The use of charcoal in soil is why I’m spending the day with Ruy Anaya de la Rosa and Adam Blakester at Invergowrie in Anaiwan Country. Ruy and Adam are members of Biochar 4 Sustainable Soils (B4SS), an initiative that encourages the safe and economically viable production and use of biochar that meets environmental and ethical standards. Their role is also to encourage sharing and collaboration around the knowledges that are required as biochar develops from a flawed blanket solution to a nuanced and responsive amendment to soils.
So what is biochar? On a basic level, biochar is the efficient production of charcoal enhanced with nutrients. It improves soils by making nutrients and water easily available to plants and provides housing for microbial activity. It immobilises heavy metals, binding them to the charcoal so they aren’t taken up by edible plants. It can change the acidic quality of soils and it sequesters carbon that might otherwise be released into the atmosphere.
The trickier variables of biochar are how it is made, what is it made from, where it is made and what is needed in the soil. Where once it was thought that biochar would simply solve a raft of world problems, such as climate change, Ruy and Adam are working towards a responsive approach, in which the production of biochar takes into account the agricultural waste that goes into making it and the agricultural needs that it can meet. The composition of biochar needs to vary according to the differing deficiencies and resources of the context in which it is used. Biochar improves soil health and can replace or minimise the use of fertilisers across vastly different cultures, economies and environments.
Today we were experimenting with making charcoal for drawing. Adam wondered how fallen branches from stringybark eucalypts would go. Two wheelbarrows of branches are waiting next to the kiln. I have a few dead branches of willow for making into charcoal. Willow, along with grapevine cuttings, are traditional materials for making drawing charcoal. Willow is abundant around NSW and legally speaking, it is regarded as a weed. One of the reasons that it spreads so easily is that it propagates not only by seed but by broken branches. It’s so effective at self-propagating that you can distil its rooting properties into a willow tea that will help propagate cuttings in your garden. Importantly for this discussion, you can’t compost it. It’s going to regrow in your compost heap. So, if you want to get rid of it and don’t want to use poison, you have to deep bury or burn it. If you’re going to burn it, why not convert it into biochar and improve your soil?

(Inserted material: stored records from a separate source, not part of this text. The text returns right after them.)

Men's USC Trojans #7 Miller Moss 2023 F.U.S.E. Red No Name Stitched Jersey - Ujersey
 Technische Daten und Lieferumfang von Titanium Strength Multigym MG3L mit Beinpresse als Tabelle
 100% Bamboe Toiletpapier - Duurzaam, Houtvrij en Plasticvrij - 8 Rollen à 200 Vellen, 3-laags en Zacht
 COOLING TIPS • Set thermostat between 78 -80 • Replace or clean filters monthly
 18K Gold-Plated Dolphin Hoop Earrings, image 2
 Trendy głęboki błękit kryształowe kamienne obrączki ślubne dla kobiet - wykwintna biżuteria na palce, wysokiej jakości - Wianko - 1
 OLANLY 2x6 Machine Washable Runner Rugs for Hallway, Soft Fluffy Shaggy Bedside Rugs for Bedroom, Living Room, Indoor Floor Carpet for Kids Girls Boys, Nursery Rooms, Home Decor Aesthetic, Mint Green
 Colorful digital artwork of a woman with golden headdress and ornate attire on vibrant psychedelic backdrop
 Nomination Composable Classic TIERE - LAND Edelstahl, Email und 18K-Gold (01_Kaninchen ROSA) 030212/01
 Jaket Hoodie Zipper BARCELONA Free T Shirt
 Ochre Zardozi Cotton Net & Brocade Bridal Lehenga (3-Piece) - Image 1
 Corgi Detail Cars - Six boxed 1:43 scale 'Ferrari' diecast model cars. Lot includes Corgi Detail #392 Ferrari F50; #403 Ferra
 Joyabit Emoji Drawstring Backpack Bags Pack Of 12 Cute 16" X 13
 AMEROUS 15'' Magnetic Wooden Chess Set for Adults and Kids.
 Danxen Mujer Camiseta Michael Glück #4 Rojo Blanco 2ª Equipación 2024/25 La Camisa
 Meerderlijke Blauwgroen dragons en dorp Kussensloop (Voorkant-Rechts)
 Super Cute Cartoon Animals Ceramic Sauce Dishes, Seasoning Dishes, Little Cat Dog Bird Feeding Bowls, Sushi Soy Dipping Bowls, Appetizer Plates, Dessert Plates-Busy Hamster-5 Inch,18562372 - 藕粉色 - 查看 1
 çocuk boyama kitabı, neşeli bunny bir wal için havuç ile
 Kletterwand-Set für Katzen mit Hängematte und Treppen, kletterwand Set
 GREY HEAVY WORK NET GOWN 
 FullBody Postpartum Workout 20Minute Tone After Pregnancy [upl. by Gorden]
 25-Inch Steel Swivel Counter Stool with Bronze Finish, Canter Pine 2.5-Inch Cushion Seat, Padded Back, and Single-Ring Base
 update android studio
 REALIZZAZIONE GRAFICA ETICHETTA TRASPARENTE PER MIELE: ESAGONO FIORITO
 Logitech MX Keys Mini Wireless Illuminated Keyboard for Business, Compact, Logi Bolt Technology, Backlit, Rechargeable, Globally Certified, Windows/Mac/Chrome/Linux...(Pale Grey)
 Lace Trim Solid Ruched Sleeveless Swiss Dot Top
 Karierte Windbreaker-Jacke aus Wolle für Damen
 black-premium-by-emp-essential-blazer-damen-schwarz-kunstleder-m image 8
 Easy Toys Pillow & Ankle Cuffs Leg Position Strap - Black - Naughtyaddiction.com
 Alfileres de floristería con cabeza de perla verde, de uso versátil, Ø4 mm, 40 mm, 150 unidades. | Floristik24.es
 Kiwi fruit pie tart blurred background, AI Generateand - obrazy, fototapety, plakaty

Along with the two wheelbarrows full of stringy bark branches, Adam has gathered some paper and dried leaves. A hose coils on the ground and Ruy, Adam and I are standing around a circle of bricks that surround a cone shape that’s been dug into the ground. The sides travel down at a 45-degree angle, Its vertex, a focal point, is more than a meter down from our feet. The walls have been lined with the clay that was dug out of the ground when the hole was made and mixed with cement. The shape is recognisably an upside-down fire.
“what is fire?”, I ask the internet. From my interpretation, a novice understanding goes like this: the fire that I learnt to build as a kid in the backyard used wood, leaves and paper, in other words cellulose. Cellulose is the chemical arrangement of carbon, hydrogen and oxygen. The breaking of chemical bonds rearranges those elements, combines with oxygen in the air and turns it into carbon dioxide and water vapour (hydrogen and oxygen). The breaking and rearranging of chemical bonds both requires and produces heat. As chemical bonds are broken, heat and light are produced, and the heat breaks more chemical bonds and produces more heat. And on and on it cycles.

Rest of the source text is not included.